▸ **DATA SHOWN**:
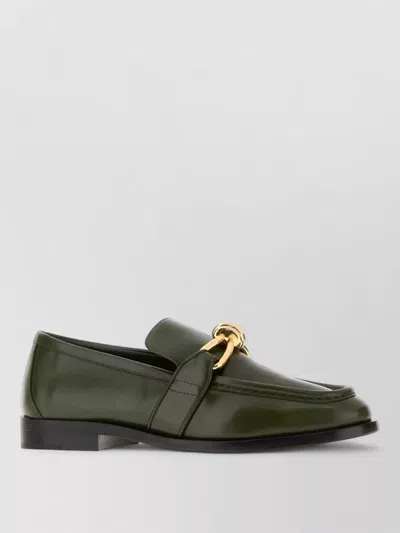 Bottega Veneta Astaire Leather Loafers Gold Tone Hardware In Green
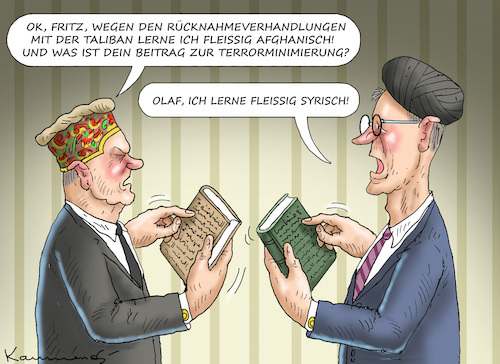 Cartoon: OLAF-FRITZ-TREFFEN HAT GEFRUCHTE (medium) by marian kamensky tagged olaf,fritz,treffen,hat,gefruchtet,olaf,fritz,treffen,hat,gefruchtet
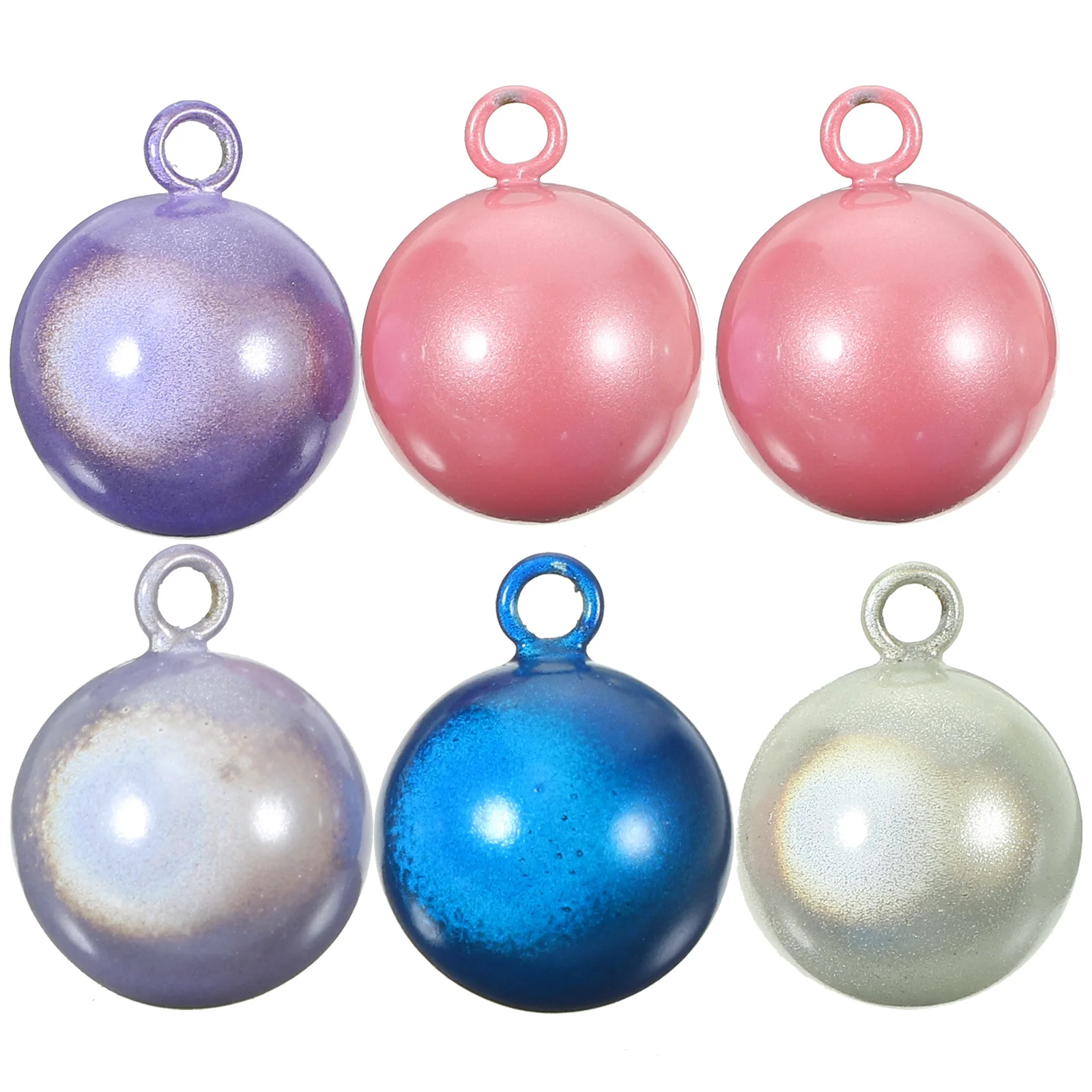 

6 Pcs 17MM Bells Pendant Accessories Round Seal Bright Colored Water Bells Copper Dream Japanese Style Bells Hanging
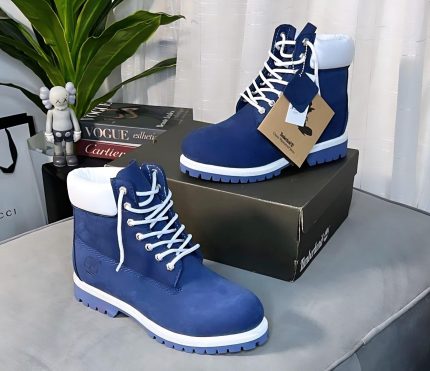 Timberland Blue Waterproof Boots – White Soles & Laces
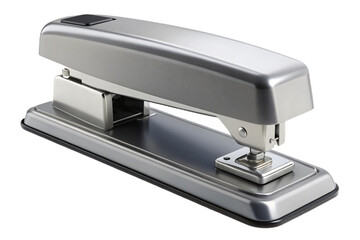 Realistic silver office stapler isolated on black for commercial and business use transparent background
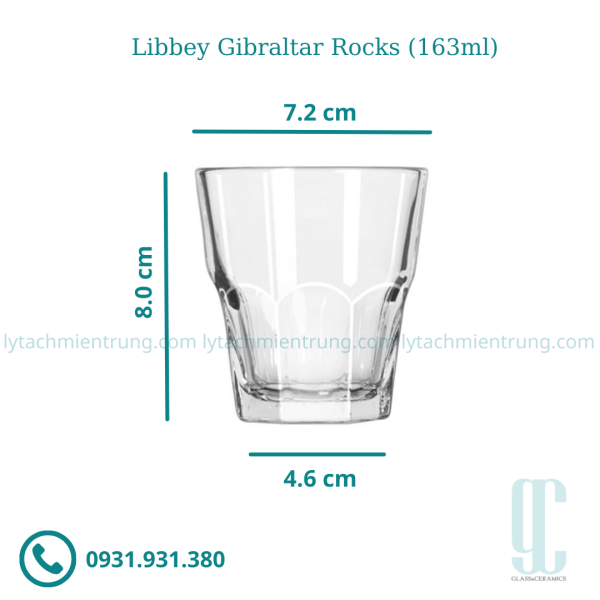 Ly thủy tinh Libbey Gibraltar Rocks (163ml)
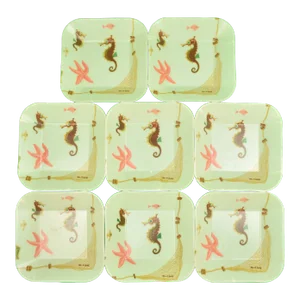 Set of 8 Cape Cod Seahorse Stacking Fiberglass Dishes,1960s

▸ **TASK TO CARRY OUT**: Return the listing unchanged, but drop every picture.

▸ **OUTPUT BELOW**:
 Bottega Veneta Astaire Leather Loafers Gold Tone Hardware In Green
 Cartoon: OLAF-FRITZ-TREFFEN HAT GEFRUCHTE (medium) by marian kamensky tagged olaf,fritz,treffen,hat,gefruchtet,olaf,fritz,treffen,hat,gefruchtet

6 Pcs 17MM Bells Pendant Accessories Round Seal Bright Colored Water Bells Copper Dream Japanese Style Bells Hanging
 Timberland Blue Waterproof Boots – White Soles & Laces
 Realistic silver office stapler isolated on black for commercial and business use transparent background
 Ly thủy tinh Libbey Gibraltar Rocks (163ml)
 Set of 8 Cape Cod Seahorse Stacking Fiberglass Dishes,1960s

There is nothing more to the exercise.